The heat of your hands affects the dough, making it hard (impossible, really) to shape. If you work the dough for too long, your tassie-crust quickly becomes thin or gets holes. You can’t patch it up; the dough is already too far gone to work in that way. The tassie-crust-shaping is truly do-or-die. An effective shaper is one who moves both decisively (doesn’t work the dough too much) and sensitively (doesn’t spread it too thin).
Mixing a song is the same for me. I have a tendency to want to over-work the song, tweaking every track’s EQ and reverb, making tiny adjustments to the mastering settings, pushing the technical aspects of the mix until I’ve lost all track of the song’s story. Like the tassie crust, my hands cause temperature-related damage that is not reversible; all you can do is start over.
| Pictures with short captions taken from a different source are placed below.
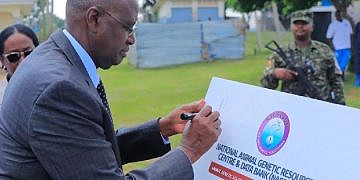 NAGRC unveils five-year plan to boost PDM livestock enterprises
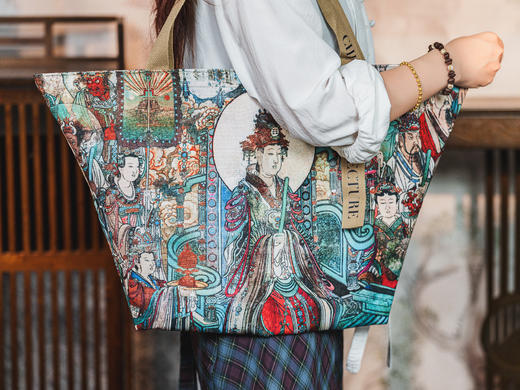 【赠牛转乾坤珍邮】《中国建筑全书》 足不出户逛遍全国137处代表性建筑！ 商品图5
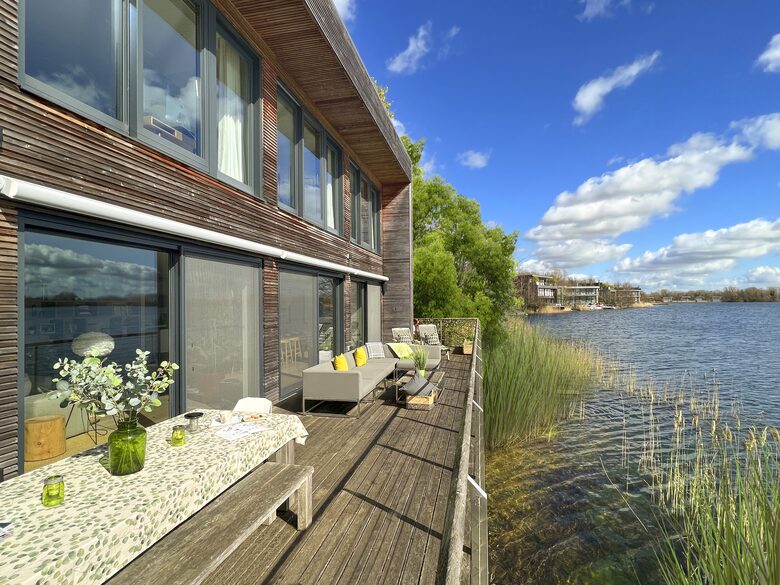 Mallard Lodge - Lechlade, United Kingdom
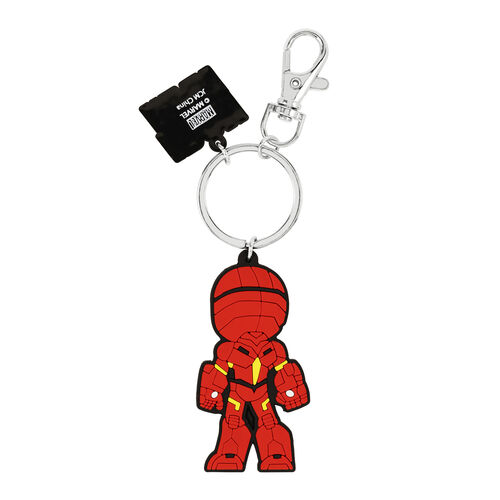 Marvel Iron Man keychain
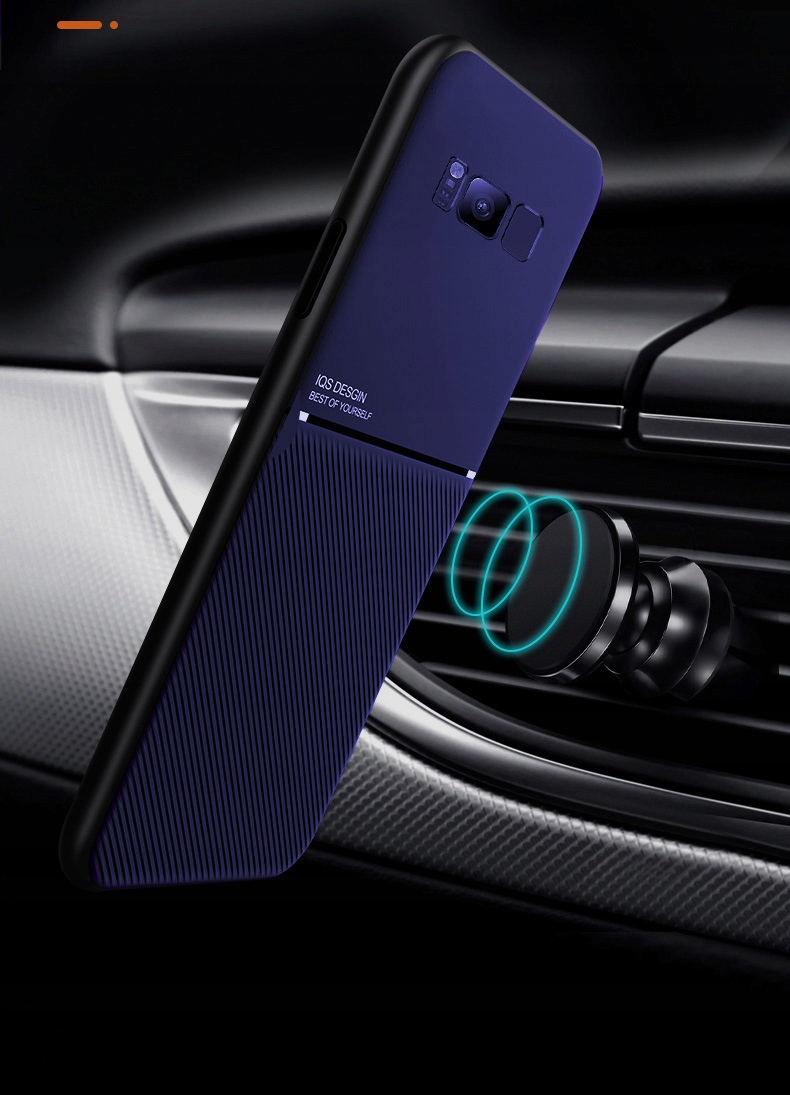 ETUI CASE Business OBUDOWA DO SAMSUNG GALAXY S8 Kod producenta BUSINESS S8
Obsessive listeners will know this happened with the Fireflies sessions I did with The Shaft. Rob and I recorded together in summer 2002, and I mixed that record over and over and over. The result was thin; not a pleasant pastry. This fall, when I noticed that those mixes were still up on Rob’s MySpace, I took an afternoon off and remixed half (the punk half) of Fireflies. I was decisive (didn’t over-work) and sensitive (didn’t over-cut); the result was a big, warm, energetic sound.
Over time, I’m getting better at knowing when to quit. I think the mixing/mastering work on Be A Ska Rat will show that; you’ll have to let me know if it tastes sweet. Lesson learned, Pecan Tassie. I salute your wisdom and deliciousness.